Gioacchino Rossini (1792-1868)
L’inganno felice, a Farsa in one act (1812)
Bertrando: Antonio Garés (tenor)
Isabella: Miriam Albano (soprano)
Ormondo: Gabriele Toia (bass)
Batone: Luigi de Donato (bass)
Tarabotto: Matteo Loi (bass)
THERESIA/Alessandro De Marchi
rec. 2023, Reate Festival, Auditorium di Santa Scolastica, Rieti, Italy
Libretto is available from the cpo website
cpo 555 222-2 [2 CDs: 90]
L’inganno felice (the fortunate deception), Rossini’s one-act farce, has a plot that is mainly backstory. The villain Ormondo has amorous designs on Duke Bertrando’s wife, Isabella, who rejects him. He vengefully attempts to bribe his henchman Batone to float her out to sea, where she will die. He also destroys her reputation by making the Duke believe she was unfaithful.

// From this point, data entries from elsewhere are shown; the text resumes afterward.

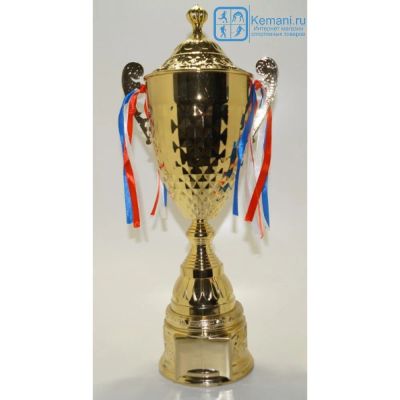 Лот: 17438630. Фото: 1. Кубок наградной, высота 73 см. Спортивная символика и атрибутика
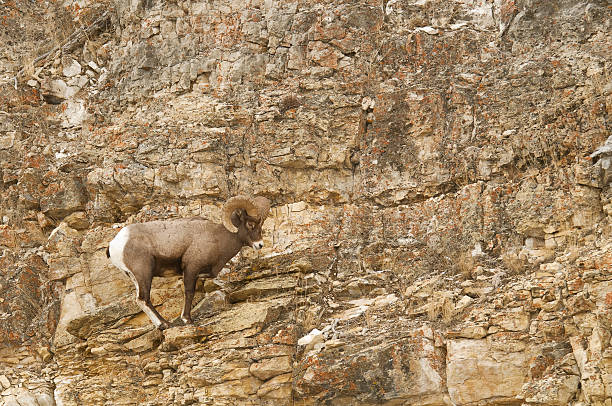 Bighorn sheep ram on rocky ledge Yellowstone National Park stock photo
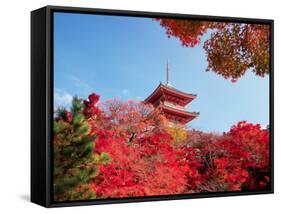 Autumn, Kyoto, Japan-Shin Terada-Framed Stretched Canvas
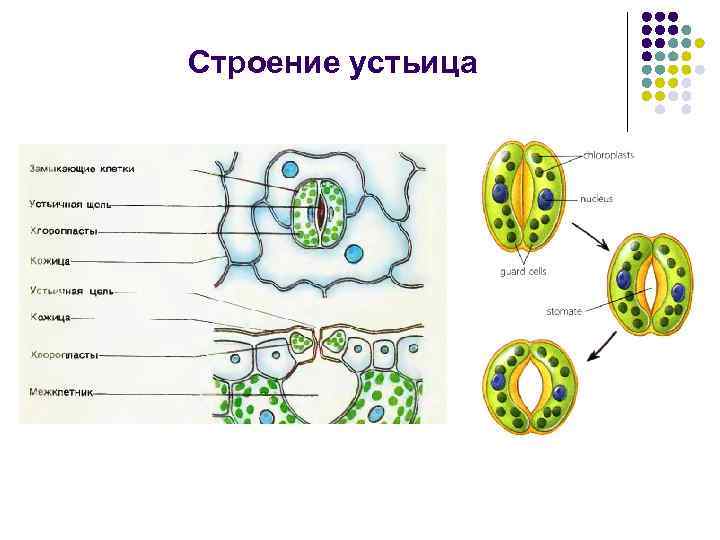 Строение устьица 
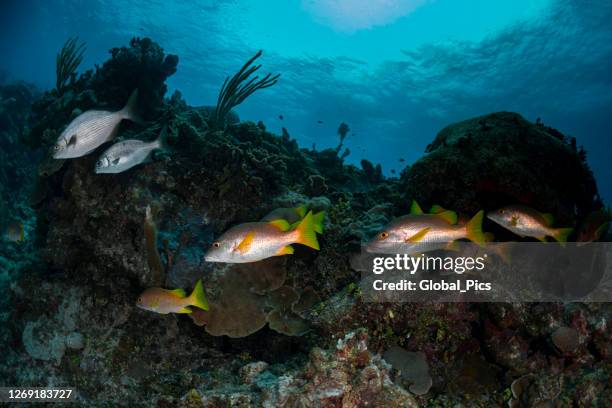 dog snapper fish and the yellow chub fish - dog snapper stock pictures, royalty-free photos & images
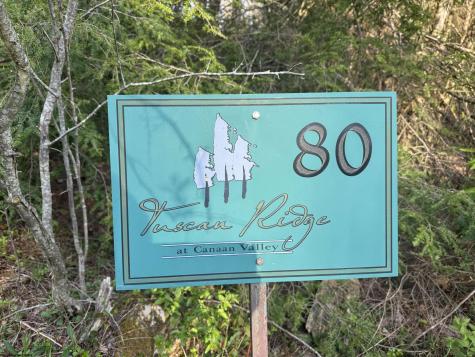 80 Gondola Court Davis WV 26260-0000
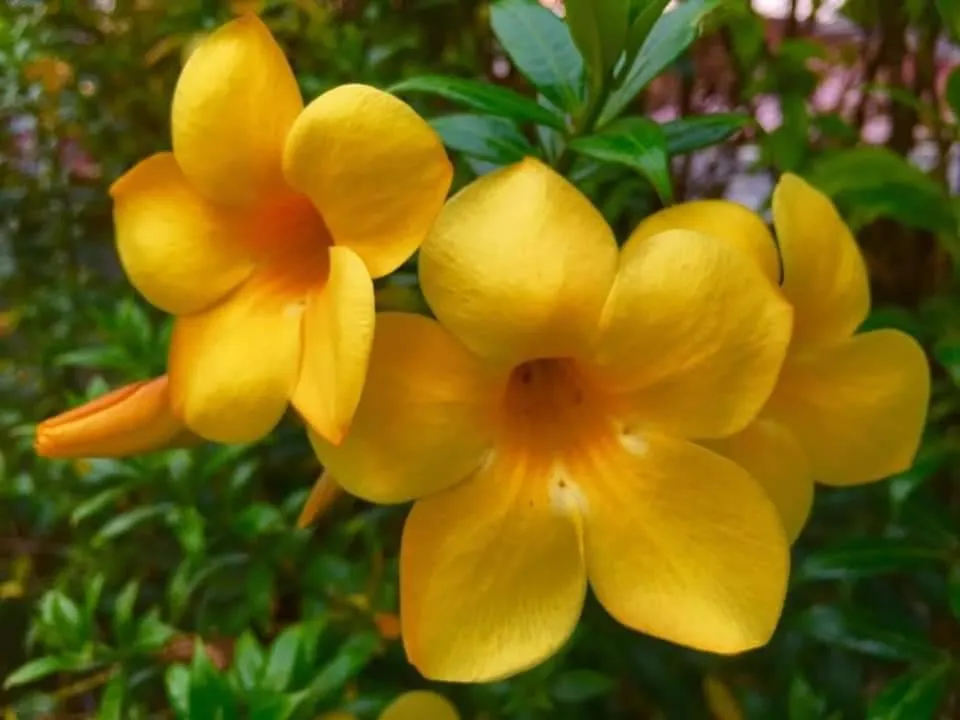Garden in Nuch's Apple Guest House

Tarabotto rescues her at sea and adopts as his niece, and rechristenes her Nisa. Ten years later, she is long presumed dead, but her husband loves her still. The curtain rises on a visit by the Duke, Ormondo and Batone to the village where Isabella now resides as Nisa. The Duke and Batone are struck by the resemblance of Tarrabotto’s niece to the lost Isabella. Ormondo also recognises her, and instructs Batone to abduct and kill her. But at last Isabella shows who she really is, and is reunited with the Duke, while Ormondo is arrested.
Rossini’s farsa is clearly less a farce than – in the words of Rossini authority Richard Osborne – “a romantic melodrama with comic interludes”. He also notes that “of the four solo arias in the opera” only Isabella’s Al più dolce e caro oggetto (for the dearest, sweetest person) “has real distinction”, and even that is relative. This is not essential Rossini, but the piece is an enjoyable early example of a prodigious gift soon to blossom into international fame. As such, it has much to offer, and not only to the capacious shelves of the Rossini completist.
Isabella in the recording does not dominate vocally as one would hope. Soprano Miriam Albano has an attractive voice, and sings with skill. One would be happy to encounter her on this form in the theatre, for she sounds engaged in the drama and in her part in its unfolding. If real vocal distinction eludes her here, she never lets the work down.
Duke Bertrando, tenor Antonio Garés, is satisfactory. His pleasing basic tone is occasionally audibly stretched by the music – not uncommon in Rossini’s tenor writing. The three low-voice male roles are taken well enough. In sum, though, this not an issue a collector would seek out for the singing but rather for the repertoire. The musicians of THERESIA play well enough; there is no chorus in the farsa. Alessandro De Marchi directs them with commendable balance and care for his singers, in good sound. There is a booklet with notes in English and German, but no libretto, not even the Italian text. The libretto is available online, at the label’s website, with an English translation.
This is one of several recordings of this opera. I fear it is at most the second best while one can still find copies of Erato’s 1997 version, which Marc Minkowski conducted very persuasively. His leads – Annick Massis as Isabella, Raul Gimenéz as Don Bertrando and Rodney Gilfrey as Batone – are a cut above the performers here. The Erato sound is still very good, the work fits onto one disc, and there is a full Italian libretto with parallel translations in English, French and German.